How do we apply the principles of financial risk management to the challenge of climate change? In this episode, we connect the worlds of climate and finance with renowned economist Dr. Bob Litterman.




In this Episode

  • A discussion with renowned economist & financial risk management expert Dr. Bob Litterman
  • How climate change is a risk management problem.
  • Pricing carbon

Episode Links

Headshot of Dr. Robert Litterman


Thank you so much for joining us again on Climatrends. Today we’re taking a different approach to our climate discussion. What can we learn from the principles of financial risk management? Well, a lot as it turns out. The reality is that risk management is essentially the same across industries–preparing for “worst-case” scenarios and quantifying such risk. In the world of finance, there can be a great deal of uncertainty. When the stakes are high, uncertainty often demands more action rather than less–to approach with more caution. Sound familiar? 

Today we’re going to talk to a renowned financial risk management expert who has connected the dots between the world of finance and climate. It proved to be an intriguing discussion… have a listen.


Susie Martin: We’re excited about this next guest. Today we will be talking to Dr. Bob Litterman, an accomplished economist who has spent his career managing financial risk. He serves as the Chairman of the Risk Committee and is a founding partner of Kepos Capital, a New York City-based systematic global macro firm. He also enjoyed a 23-year career at Goldman Sachs working in research, risk management, and investments. He sits on several boards for groups that study and propose responses to climate risk and on April 15th, 2021, Dr. Litterman was invited to testify in front of the U.S. Senate Committee on the Budget about the costs of inaction on climate change. Dr. Litterman, thank you so much for taking the time to speak with us today.

Dr. Bob Litterman: My pleasure. Thank you.

Susie Martin: So I wanted to launch into your U.S. Senate testimony in April of 2021, you discuss some of the fundamental principles of financial risk management–this is your area of expertise–and how we can apply this knowledge to climate change. The first is to imagine and prepare, of course, for “worst case scenarios.”–that’s what risk management is about: to prevent disasters. The second is to price risk appropriately and to use prices to incentivize. And then the third is that time is a precious resource. You can practically solve anything if you had all the time in the world, but we don’t. So can you elaborate on the application of these principles to climate change and the existing challenges we face?

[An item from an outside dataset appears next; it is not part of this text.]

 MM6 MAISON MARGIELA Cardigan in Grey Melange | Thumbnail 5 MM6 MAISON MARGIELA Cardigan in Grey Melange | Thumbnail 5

Dr. Bob Litterman: Sure. It’s my pleasure, and I always like to go over these principles from financial risk management, because they do apply to climate change. Although in financial risk management, I would say there are tens of thousands of risk managers, and they all know these principles, and they’re not hard to understand. In climate, we don’t have the same history of risk, and in fact, the central problem is that we’re not managing the risk appropriately in particular, we’re not pricing the risk. And so, let’s take the first principle, the fact that you have to think about worst-case scenarios. That’s not anything controversial in the financial markets with always thinking about financial crashes, the crash of ‘87, the great financial crisis. We’ve had many of these examples to learn from, but in the case of climate, you know, people have been saying, they’ve been denying that it exists.

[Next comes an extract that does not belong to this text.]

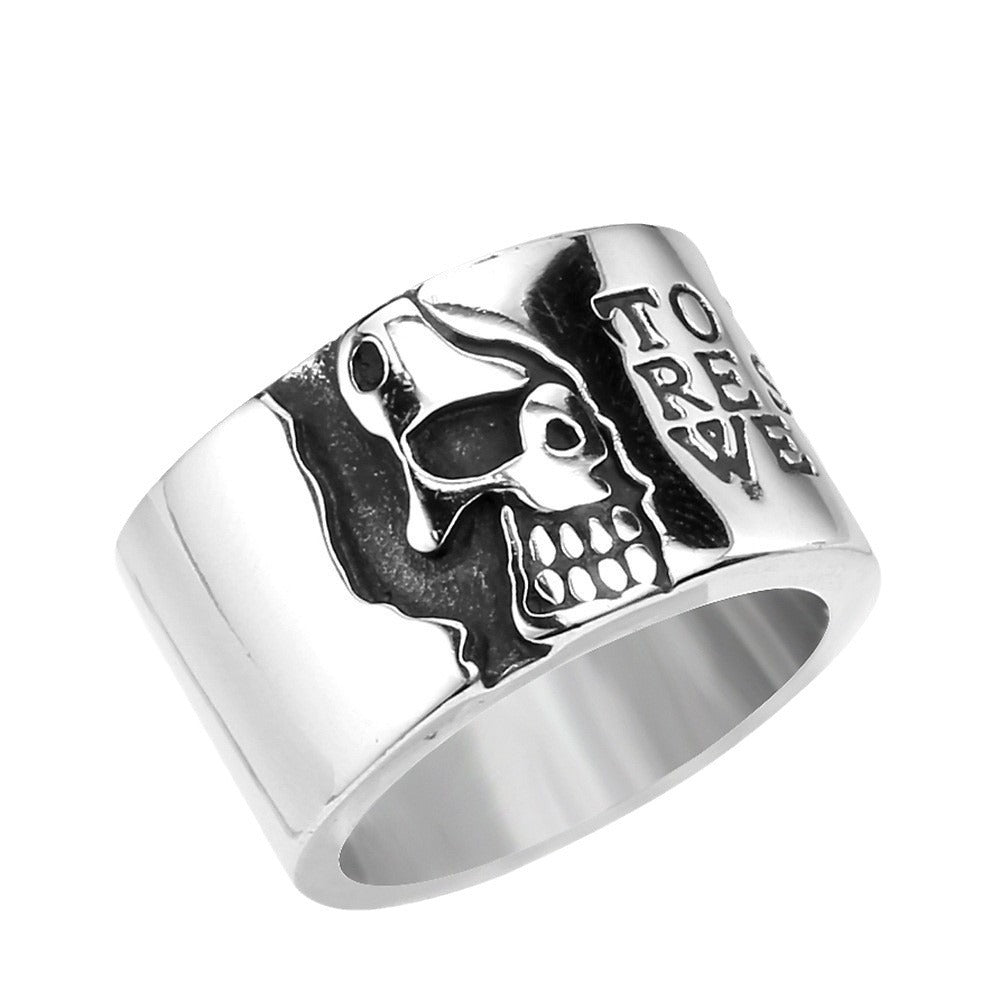 Wholesale Retro Gothic Punk Stainless Steel Titanium Ring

You have scientists who start looking at worst-case scenarios and people say you’re an alarmist. The poor scientists have been pushed back in a corner to say, no, no, we’re absolutely sure this is real. Well, that’s not really the question. The question is what’s the full distribution of outcomes and what’s the worst case that’s what we have to be prepared for. And then the second thing is that we’re not pricing the risk. Well, of course, if you don’t price the risk in financial markets, that creates an opportunity. Either you take more risk because it’s cheap, or you sell it because it’s expensive. Well, in the case of climate risk, we’re not pricing it, and therefore people are taking much too much risk. They’re not paying for it, and as a society, we’re taking much too much risk, and that’s the fundamental thing that we have to change.

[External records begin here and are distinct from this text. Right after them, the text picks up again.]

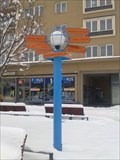 Image for Distance arrows on Square of the Republic - Havirov, Czech Republic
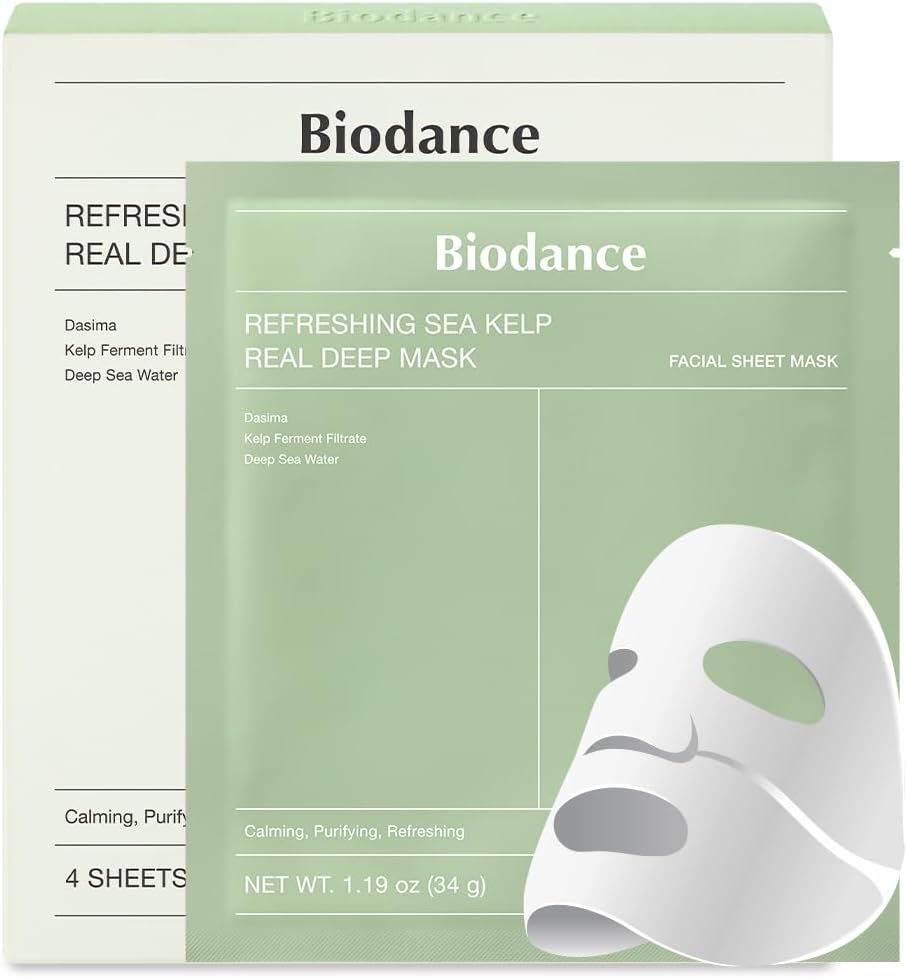 Biodance Refreshing Sea Kelp Real Deep Face Mask - 20g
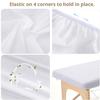 25PCS 84x35in Disposable Fitted Massage Table Sheets with Elastic, Breathable Disposable Massage Table Cover, Non Woven Fabric Spa Bed Covers, Single Use for Beauty Salon Wax Tattoo Facial Lash Bed view 2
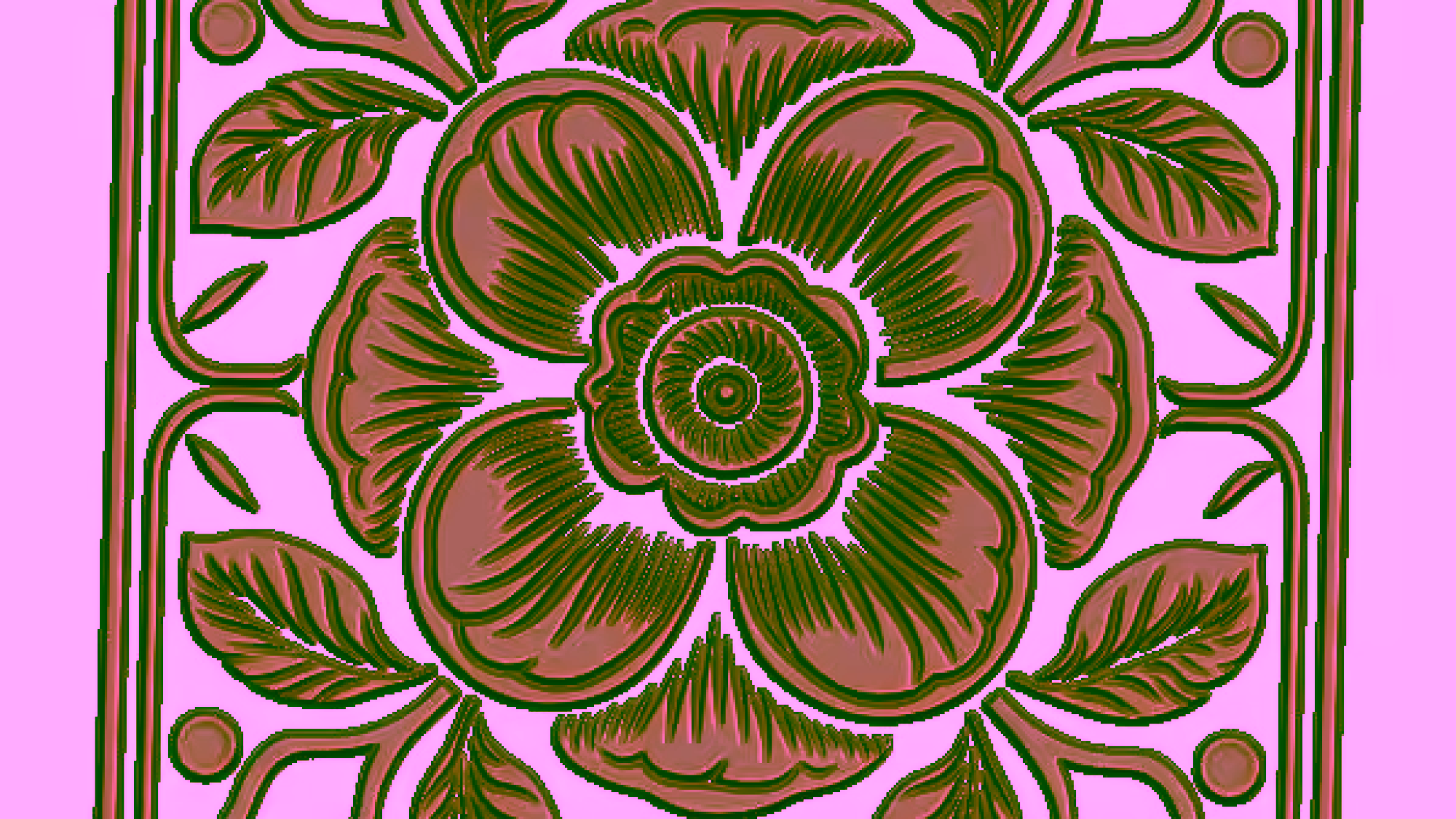 Decorative Pattern For Wood Carving Stl File Free Download A000109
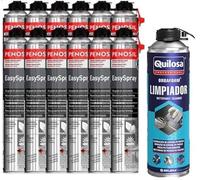 PENOSIL Pack de 12 Mousses PU Pulvérisables EasySpray Foam 111 700ml + Nettoyant FoamCleaner 929 500ml Penosil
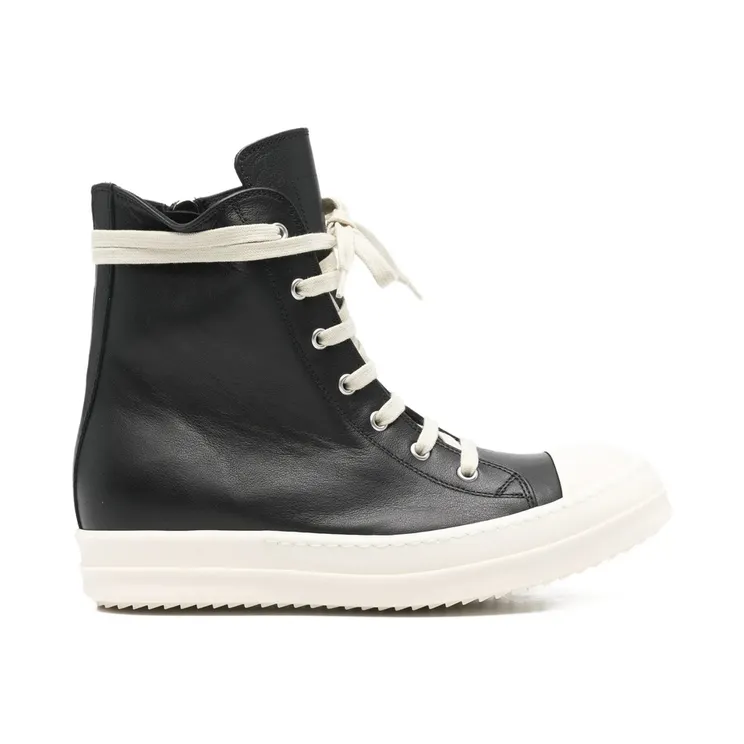 Rick Owens Lace-up Leather “Black” (RP01F6890 LCO 911)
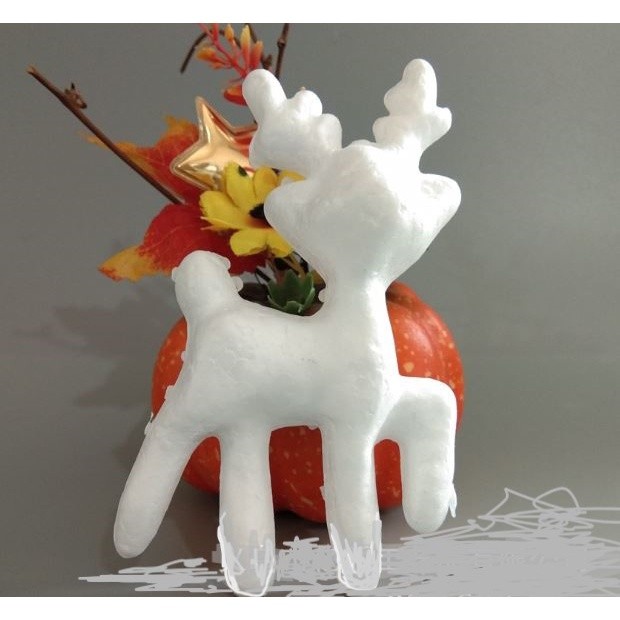 Christmas Mini Elk/Standing Santa Claus Doll Christmas Tree White Foam Hanging Pendants Decoration For Home Party(2481L) - Image 8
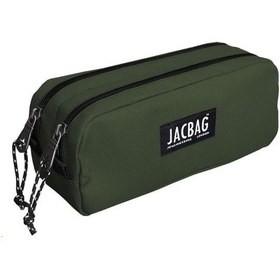 Resim Jacbag Dual Pouch İki Bölmeli Kalem Çantası Haki Yeşil Jac 08 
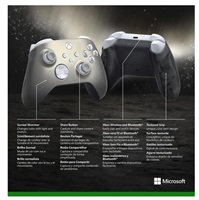MICROSOFT Xbox Wireless Controller Lunar Shift stříbrný - ovladač
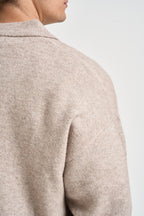 Polo uomo in maglia beige mélange 12298398 ATMOSPHERE JACK & JONES NOOS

We have to create an incentive to reduce emissions by pricing it right now, we’re sending signals to people not to worry, and so they’re not worried and they make the wrong decision. And then finally, yes, you mentioned time. Well, if we have enough time, we can solve any problem. And I’ve had many situations in the financial markets where we’ve run out of time. We all have, I had a particular case during the great financial crisis where it spilled over into the quant sector, and we had positions in my business at Goldman Sachs where we thought we would be able to get out of those positions by carefully trading over a period of weeks or maybe even months. And all of a sudden as the market’s meltdown, we had to get out of our positions literally in hours, if not days. And so, we couldn’t get out of those positions and that’s when things can really get bad. So, it’s when you run out of time that risk can become a catastrophe. So, those are all good principles from financial risk management. That also makes sense as we think about the climate.

Paul Douglas: Dr. Litterman, thank you again for joining us this morning. I think I’m preaching to the choir when I mentioned that markets like certainty. You’ve lived that for decades now. Businesses operate under a myriad of laws and regulations until we find an effective way to price carbon and provide more, and I’d love to get your thoughts on a carbon tax. Is it time? Many companies today are in this state of limbo when it comes to taking climate action, some corporations taking the initiative to wean carbon from their supply chains. They’re transportation, they’re thinking long and hard about employees and facilities and customers when it comes to climate resilience. What, in your opinion, other than a possible carbon tax and getting a price on carbon, what is the number one thing that business leaders should be doing right now, right, this moment to prepare for more climate volatility, and weather disruption down line?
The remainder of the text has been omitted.